Layer 2 devices only inspect the destination MAC (media access control) addresses of Ethernet frames. A MAC address is tied to a physical piece of hardware. In other words, a layer 2 switch allows devices in the same VLAN or subnet to communicate. Any VLAN-to-VLAN communication will not be allowed with just a layer 2 switch. Also, keep in mind, modern Ethernet switches often blur the lines between layer 2 and layer 3 capabilities.
You may be thinking:
Ok, so VLANs allow physical separation and a “virtual” LAN to work over several Ethernet switches. That’s all great, but I can do that by placing all devices on the same LAN. What benefits do VLANs have over making it all one large subnet?

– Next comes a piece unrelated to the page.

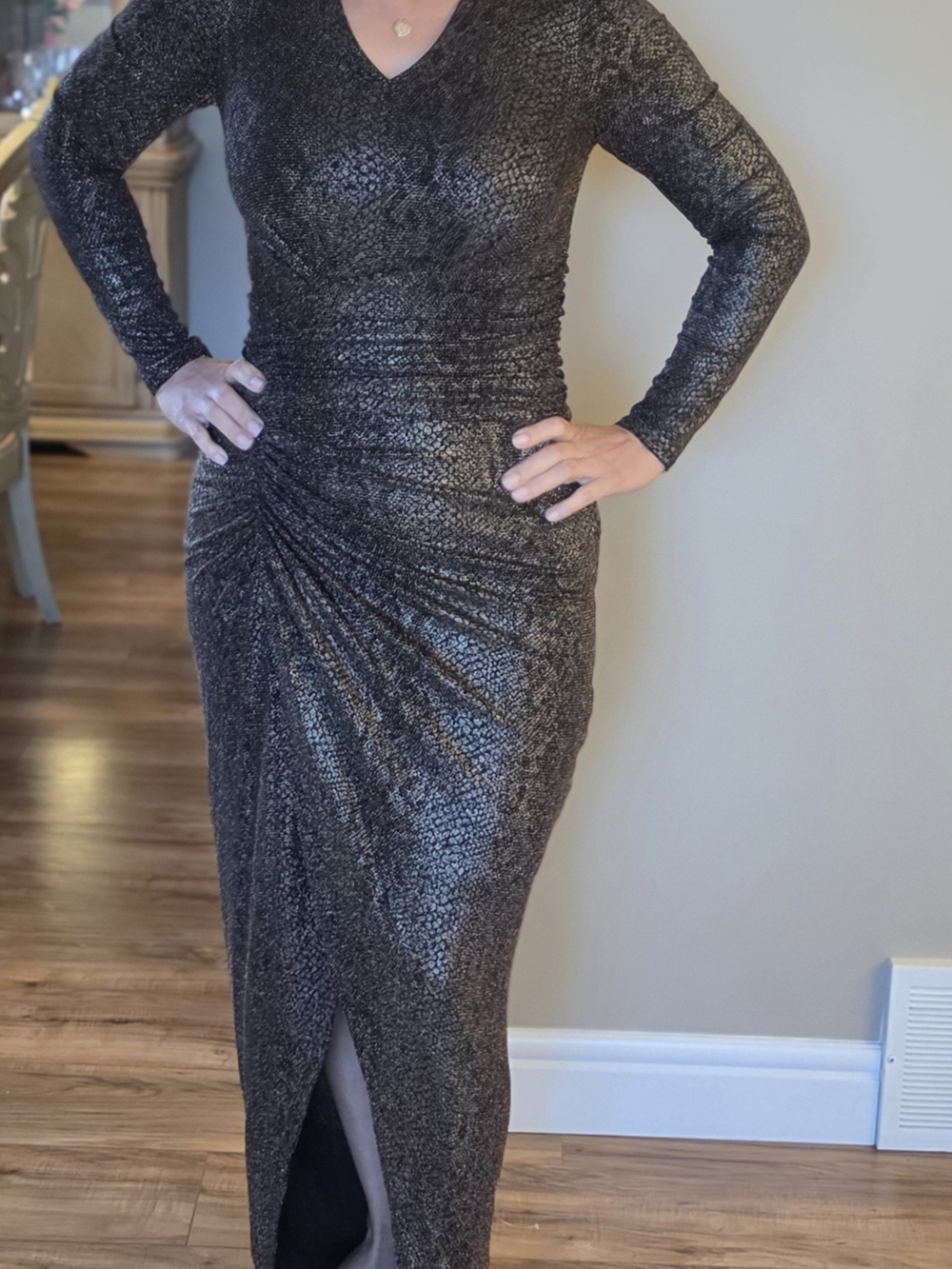 Metallic Black Long Sleeve Ruched Evening Dress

Summed up, the question is: Why not create a large subnet instead of smaller VLANs or LANs? A single subnet is simple to understand and implement but creates problems as the network grows. By creating smaller subnets, this limits the broadcast domain traffic. Think of broadcast traffic as one device making an announcement to the rest of the devices in the network like a person speaking to a large audience, but in networking every device can speak at the same time. As more devices are added to a subnet, the “noise” or broadcast traffic increases. This may cause more latency and devices to repeat messages. When creating smaller subnets, devices that need to communicate regularly are placed on the same VLAN or subnet.
For example, a PLC (Programmable Logic Controller) and its distributed I/O (input/output), drives, etc. would be placed on the same VLAN due to the high bandwidth, multicast traffic, and fast messaging demands. Other devices that seldom require connecting to a PLC or drive would be placed in a separate VLAN.
Now, you may be thinking:
I understand that smaller VLANs or subnets are good for separating broadcast domains, but what happens when devices in different VLANs need to communicate?
A device called a router handles requests for devices to communicate when not belonging to the same VLAN. This function is called interVLAN routing. The router will have programmed an IP (Internet protocol) address on each of its connected VLAN networks. This IP address will typically be the default gateway IP address for each device on the network. The router performs the layer 3 function of inspecting the destination IP address, subnet, and VLAN. Based on the router’s information about connected networks and routes, it will forward along packets appropriately.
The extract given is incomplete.